The time command allows us to check the wall-clock (the elapsed time)

of running this job. As we can see, this example took only a small

fraction of a second (0.029 sec) to execute, but what if I want to add

the square root of integers from 1 to 1 000 000 000 ? Let us try

this, and again calculate the wall-clock time.

 

[jacek@beldin sigmasqrt]$ time ./sigmasqrt 1 1000000000

21081851083600.559000

real 16m45.937s

user 16m43.527s

sys 0m0.108s

 

 

 

This time, the execution time of the program is considerably longer.
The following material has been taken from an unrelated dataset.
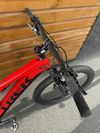 TREK E-Caliber 9.8 XT – zánovní elektrokolo ve špičkovém stavu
The obvious question to ask is what can we do to speed up the

execution time of the job? How can we change the way the job is

running to minimize the wall-clock time of running this job? The

obvious answer is to split the job into a number of sub-jobs and to

run these sub-jobs in parallel on all computers. We could split one

big addition task into 20 parts, calculating one range of square roots

and adding them on each node. When all nodes finish the calculation

and return their results, the 20 numbers could be added together to

obtain the final solution. Before we run this job we will make a

named pipe which will be used by all processes to write their results.

 

[jacek@beldin sigmasqrt]$ mkfifo output

[jacek@beldin sigmasqrt]$ ./prun.sh & time cat output | ./sum

[1] 5085

21081851083600.941000

[1]+ Done ./prun.sh

real 0m58.539s

user 0m0.061s

sys 0m0.206s

 

 

This time we get about 58.5 seconds. This is the time from starting

the job until all the nodes have finished their computations and

written their results into the pipe. The time does not include the

final addition of the twenty numbers, but this time is a very small

fraction of a second and can be ignored. We can see that there is a

significant improvement in running this job in parallel. In fact the

parallel job ran about 17 times faster, which is very reasonable for a

20 fold increase in the number of CPUs. The purpose of the above

example is to illustrate the simplest method of parallelising

concurrent code. In practice such simple examples are rare and

different techniques (PVM and PMI APIs) are used to achieve the

parallelism.

 

 

3.3. How does Beowulf differ from a COW ?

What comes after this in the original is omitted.